Questo è ovviamente vero. È anche vero che l’Iran si è premurato di allertare i governi della regione, per non parlare dei servizi segreti, con 72 ore di anticipo per non sorprenderli e per dare loro il tempo di prepararsi. La priorità del regime iraniano – come quella di Netanyahu – è la propria situazione interna. È in guerra con la sua stessa gente e l’ultima cosa di cui ha bisogno è che soffrano ancora.

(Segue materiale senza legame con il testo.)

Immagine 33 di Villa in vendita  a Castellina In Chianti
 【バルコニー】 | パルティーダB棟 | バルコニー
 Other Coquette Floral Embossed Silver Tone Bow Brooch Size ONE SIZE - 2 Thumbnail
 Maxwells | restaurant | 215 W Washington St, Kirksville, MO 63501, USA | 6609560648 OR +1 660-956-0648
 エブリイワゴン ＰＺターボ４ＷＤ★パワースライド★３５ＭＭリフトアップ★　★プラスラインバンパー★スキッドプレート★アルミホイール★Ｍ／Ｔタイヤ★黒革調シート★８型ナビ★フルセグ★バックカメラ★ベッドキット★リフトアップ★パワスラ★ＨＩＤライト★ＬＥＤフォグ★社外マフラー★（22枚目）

Inoltre, se l’Iran intendesse davvero causare danni di natura strategica, dovrebbe ricorrere a misure estreme, tra cui massicci attacchi missilistici dal Libano e la chiusura dello Stretto di Hormuz, che costituirebbero una vera e propria minaccia di conflagrazione totale. È chiaro che l’Iran e gli Stati Uniti vogliono evitarlo. Ma è questo il caso di Netanyahu?

Gilbert Achcar, in un commento sull’azione iraniana, afferma che “ lanciando centinaia di ordigni direttamente nel territorio israeliano, sono caduti nella trappola, legittimando così un attacco israeliano diretto sul proprio territorio… rafforzando così la tesi israeliana a favore della distruzione preventiva del proprio potenziale. »

Achcar conclude: “ A mio avviso si tratta di un errore che potrebbe rivelarsi altrettanto monumentale quanto quello commesso da Hamas nel lanciare l’operazione del 7 ottobre 2023. “.

Allo stesso tempo, gli atti di sadica ferocia perpetrati dalle forze israeliane a Gaza, anche se poco pubblicizzati, sono impossibili da nascondere del tutto, con conseguenze ovviamente per la popolazione di Gaza, ma anche per Israele. Amos Harel li descrive così:

Il controllo dello stato maggiore su ciò che accade sul campo e nei posti di comando continua a indebolirsi, il che si traduce in deviazioni dalle procedure e dalle istruzioni… Ciò si riflette nella crescente indifferenza israeliana per le vite umane da parte palestinese. Questo fenomeno, la cui origine risiede soprattutto nel sentimento di vendetta suscitato dal massacro, è ormai divenuto comune in alcuni reparti dell’esercito. “.

Con il passare del tempo, è praticamente inevitabile che il genocidio di Gaza e la brutale pulizia etnica in Cisgiordania avranno ripercussioni dirette sulla società israeliana, come abbiamo visto negli Stati Uniti durante e dopo la guerra del Vietnam, così come sulle politiche politiche potenzialmente esplosive crisi che attualmente sta riemergendo. Per quanto riguarda lo stesso Netanyahu, Harel conclude:

Tutto ci dice che intende aggrapparsi al potere con tutte le sue forze. Non c’è motivo di credere che presto ci saranno cinque coraggiosi membri della coalizione pronti ad alzare la mano per rovesciarlo. “Quest’uomo resterà in carica e continuerà a ostacolare ogni possibilità per lo Stato e la società di uscire dalla situazione disastrosa in cui ci troviamo e che è in gran parte imputabile a lui”..

Il cinico atteggiamento attendista dell’imperialismo, che vuole far credere alla gente che l’influenza americana può rimodellare la Palestina e il Medio Oriente “il giorno dopo” il massacro, solleva la questione di sapere quando ciò avverrà “il giorno dopo”. arriva un giorno.

David Finkel

P.-S.

• Tradotto per ESSF da Pierre Vandevoorde con l’aiuto di DeepLpro.